22

I am trying to create a DataFrame using RDD.

First I am creating a RDD using below code -

val account = sc.parallelize(Seq(
                                 (1, null, 2,"F"), 
                                 (2, 2, 4, "F"),
                                 (3, 3, 6, "N"),
                                 (4,null,8,"F")))

It is working fine -

account: org.apache.spark.rdd.RDD[(Int, Any, Int, String)] = ParallelCollectionRDD[0] at parallelize at :27

but when try to create DataFrame from the RDD using below code

account.toDF("ACCT_ID", "M_CD", "C_CD","IND")

I am getting below error

java.lang.UnsupportedOperationException: Schema for type Any is not supported

I analyzed that whenever I put null value in Seq then only I got the error.

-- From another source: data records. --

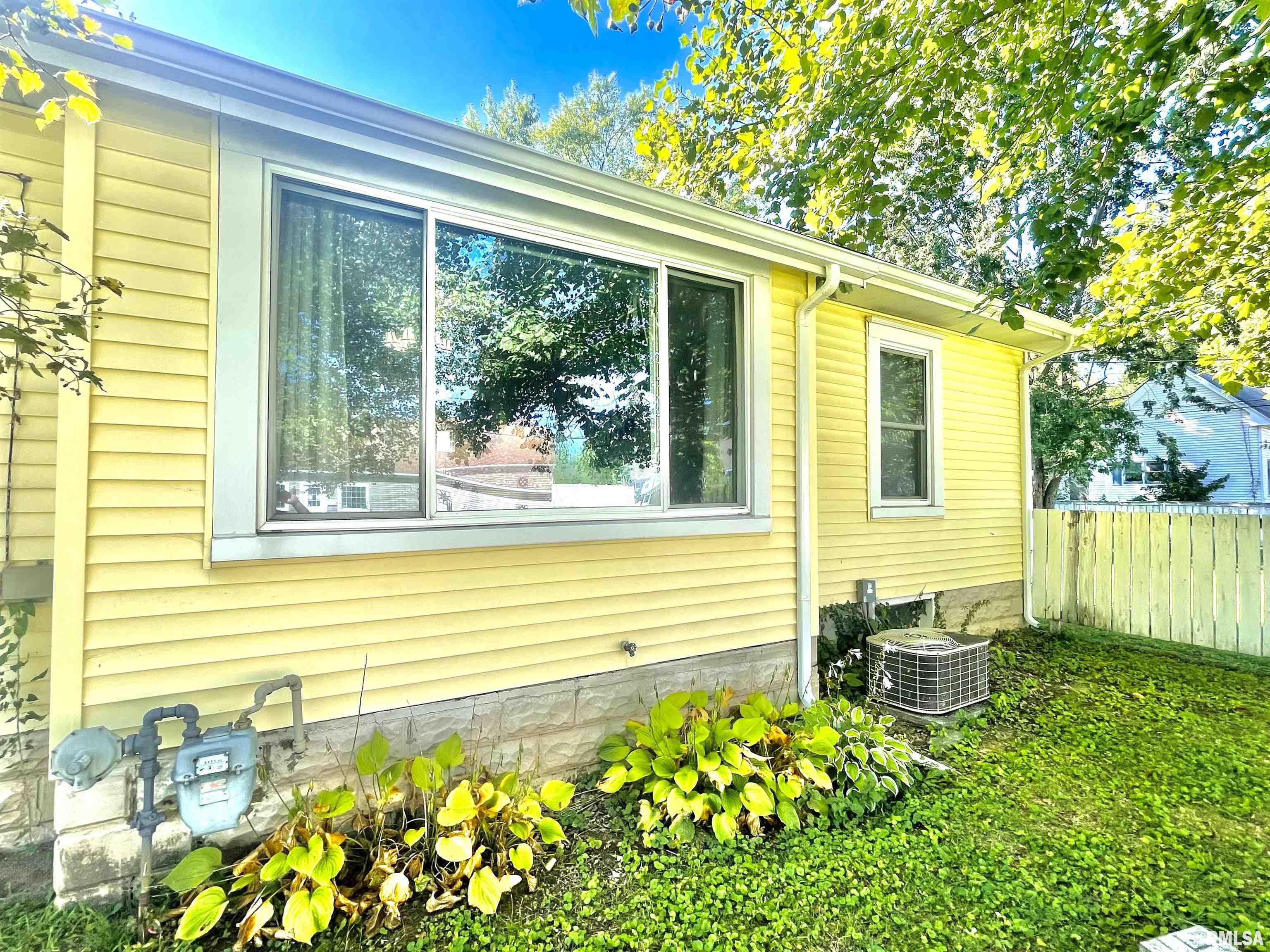 202 West 7th Street Flora, IL 62839 - Photo 43 of 50 Gallery Image 43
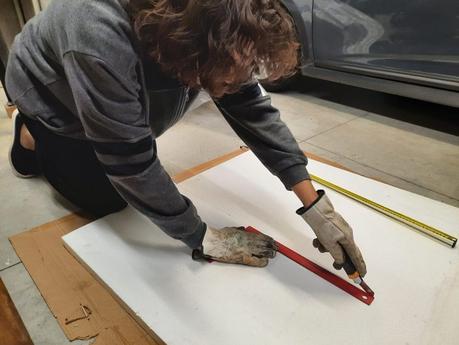 A Nativity diorama inside an antique steamer trunk (part 2, crafting the terrain) Making the landscape for our Christmas nativity diorama inside the steamer trunk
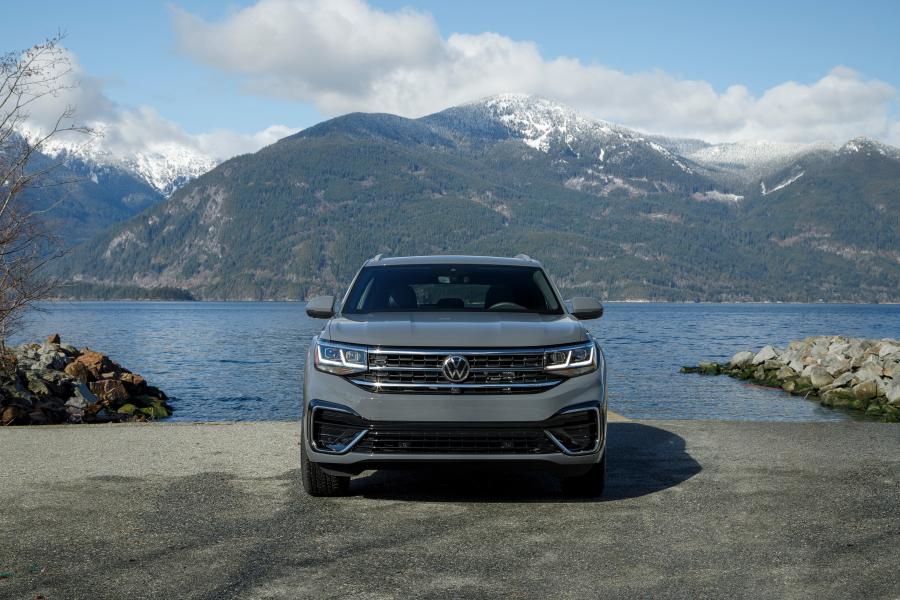  Volkswagen Atlas Cross Sport SEL R-Line 2020 года  (фото 38 из 43)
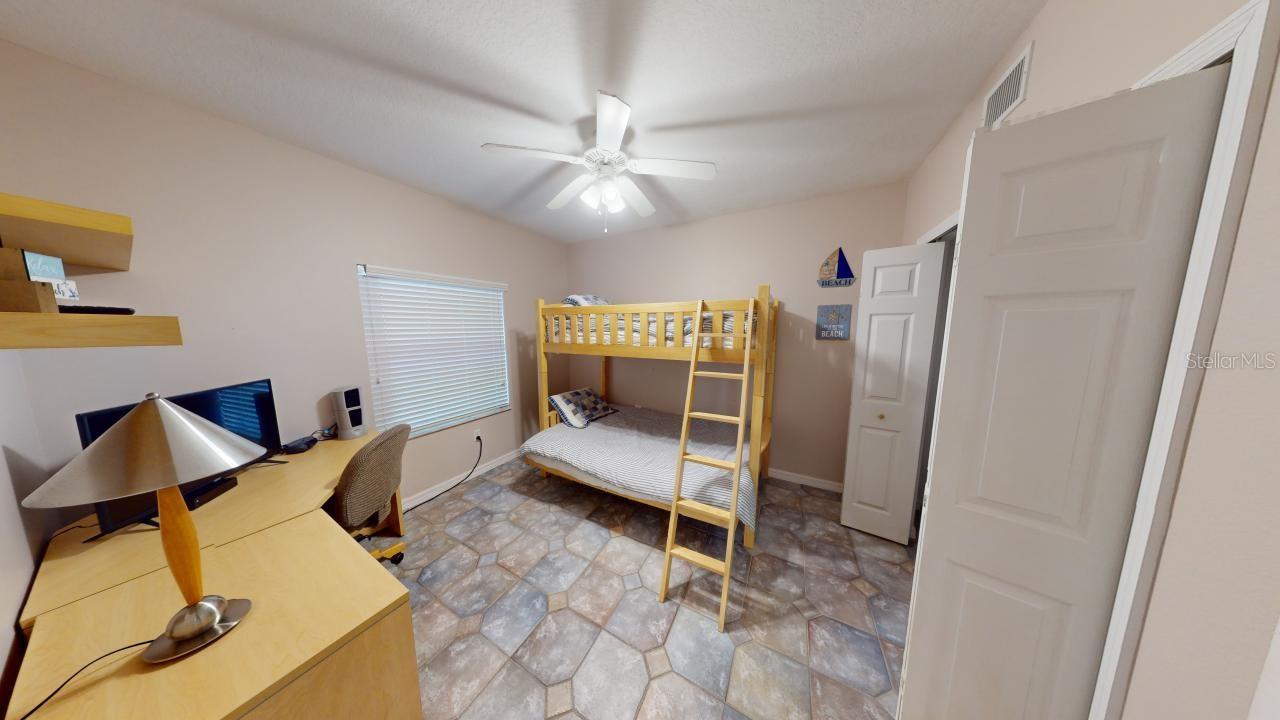 OCEAN WALK NSB BLDG 02 - Residential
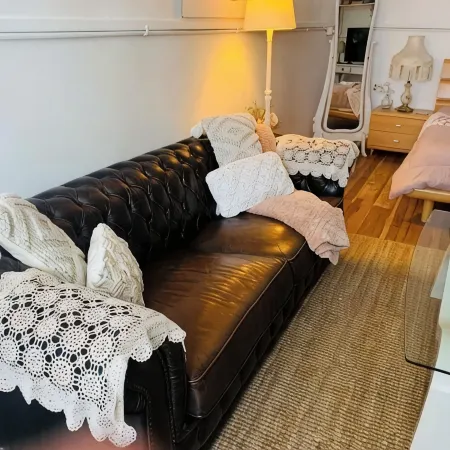 Adorable Country Studio (pet friendly) additional charges
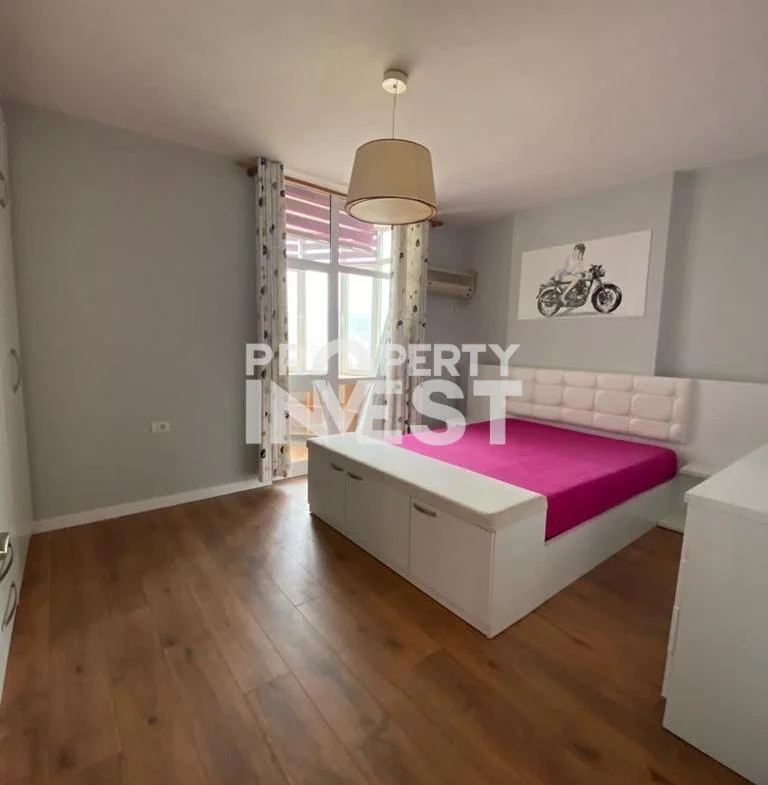 Tirane, jepet me qera apartament 2+1+Aneks+Ballkon Kati 13, 125 m² 1.100 € (ish ekspozita)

Is there any way to add null value?

Marsellus Wallace
  • 17,991
  • 25
  • 90
  • 154
Avijit
  • 1,770
  • 5
  • 16
  • 34

2 Answers2

32

Alternative way without using RDDs:

import spark.implicits._

val df = spark.createDataFrame(Seq(
  (1, None,    2, "F"),
  (2, Some(2), 4, "F"),
  (3, Some(3), 6, "N"),
  (4, None,    8, "F")
)).toDF("ACCT_ID", "M_CD", "C_CD","IND")

df.show
+-------+----+----+---+
|ACCT_ID|M_CD|C_CD|IND|
+-------+----+----+---+
|      1|null|   2|  F|
|      2|   2|   4|  F|
|      3|   3|   6|  N|
|      4|null|   8|  F|
+-------+----+----+---+

df.printSchema
root
 |-- ACCT_ID: integer (nullable = false)
 |-- M_CD: integer (nullable = true)
 |-- C_CD: integer (nullable = false)
 |-- IND: string (nullable = true)
Marsellus Wallace
  • 17,991
  • 25
  • 90
  • 154
23

The problem is that Any is too general type and Spark just has no idea how to serialize it. You should explicitly provide some specific type, in your case Integer. Since null can't be assigned to primitive types in Scala you can use java.lang.Integer instead. So try this:

val account = sc.parallelize(Seq(
                                 (1, null.asInstanceOf[Integer], 2,"F"), 
                                 (2, new Integer(2), 4, "F"),
                                 (3, new Integer(3), 6, "N"),
                                 (4, null.asInstanceOf[Integer],8,"F")))

Here is an output:

rdd: org.apache.spark.rdd.RDD[(Int, Integer, Int, String)] = ParallelCollectionRDD[0] at parallelize at <console>:24

And the corresponding DataFrame:

scala> val df = rdd.toDF("ACCT_ID", "M_CD", "C_CD","IND")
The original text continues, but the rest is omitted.